Accordingly, we vacate Brown’s life sentence and remand for resentencing consistent with USSG §§ 5Gl.l(a), 5G1.2(d) and White, 238 F.3d at 543. We affirm the judgment of conviction in all other respects. We dispense with oral argument because the facts and legal contentions are adequately presented in the materials before the court, and argument would not aid the decisional process.
AFFIRMED IN PART, VACATED IN PART, AND REMANDED.
. Apprendi v. New Jersey was decided on June 26, 2000. 530 U.S. 466, 120 S.Ct. 2348, 147 L.Ed.2d 435 (2000).
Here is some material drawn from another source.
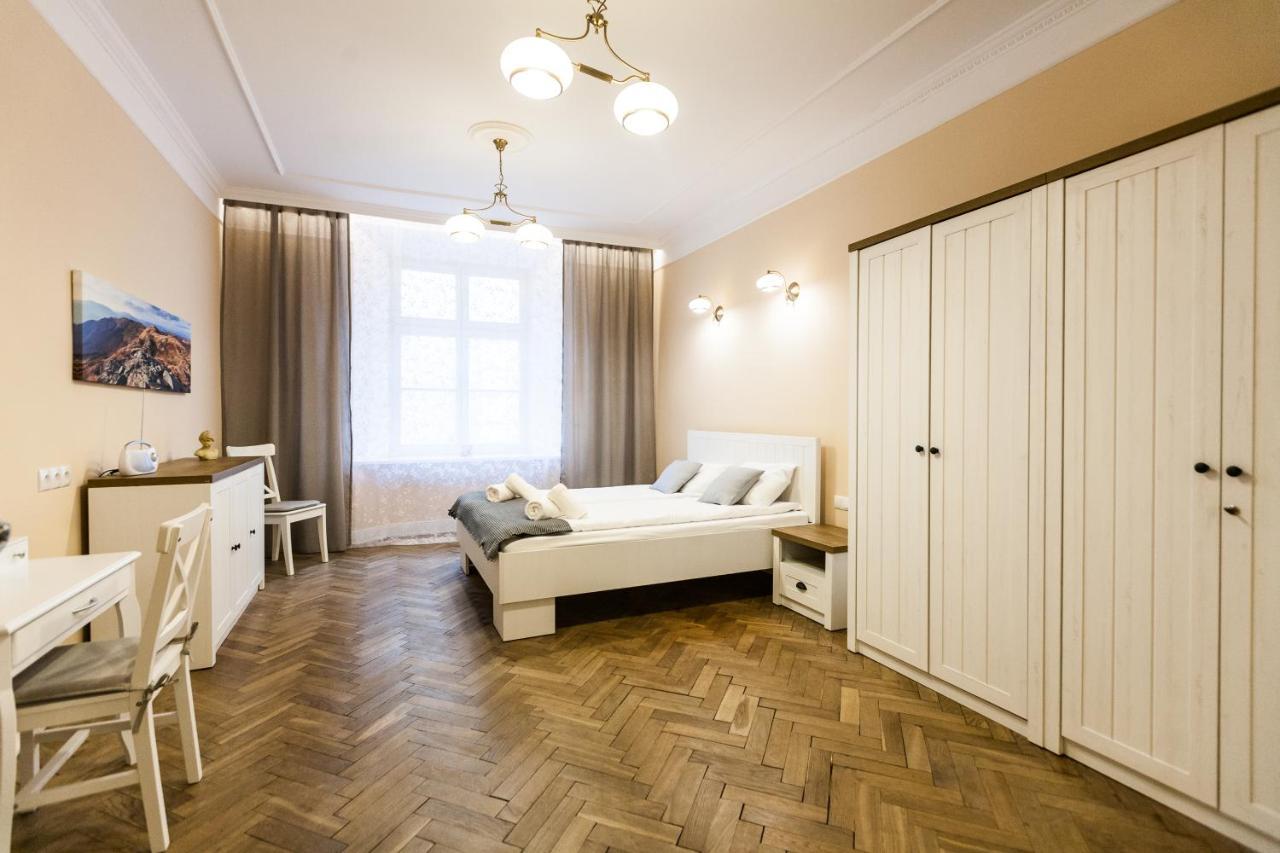 Vintage Poselska Apartment Красков Екстериор снимка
. Brown urges us to reconsider our decision in United States v. Kinter, 235 F.3d 192 (4th Cir.2000) (holding that Apprendi does not apply to judge's exercise of sentencing discretion within statutory range, so long as defendant’s sentence is not set beyond maximum term specified in substantive statute), cert. denied, 532 U.S. 937, 121 S.Ct. 1393, 149 L.Ed.2d 316 (2001). We decline to do so because "a panel of this court cannot overrule, explicitly or implicitly, the precedent set by a prior panel of this court[;][o]nly the Supreme Court or this court sitting en banc can do that.” Mentavlos r. Anderson, 249 F.3d 301, 312 n. 4 (4th Cir.), cert. denied,U.S. -, 122 S.Ct. 349, 151 L.Ed.2d 264 (2001).
. The sentencing guideline sentencing table provides that a base level offense of 43 carries life imprisonment. USSG Ch. 5, Pt. A (sentencing table).
. 21 U.S.C. § 846 requires the same penalty as that prescribed for the underlying offense, the commission of which was the object of the conspiracy. Since no drug amount was alleged in the indictment or presented to the jury for any count, the maximum allowable sentence is 20 years.
. We agree with the Seventh Circuit which recently addressed this guideline provision in United. States v. Westmoreland, 240 F.3d 618, 636 (7th Cir.2001). The court stated, “it is not possible to apply the cross-reference in a manner that produces a sentence greater than the statutory maximum applicable to the charged crime____Therefore, even though the murder cross-reference will always allow for a life sentence, the Guidelines require that the cross-reference only increase the defendant’s sentence at most to the statutory maximum associated with the charge on which the defendant was convicted.” 240 F.3d at 636.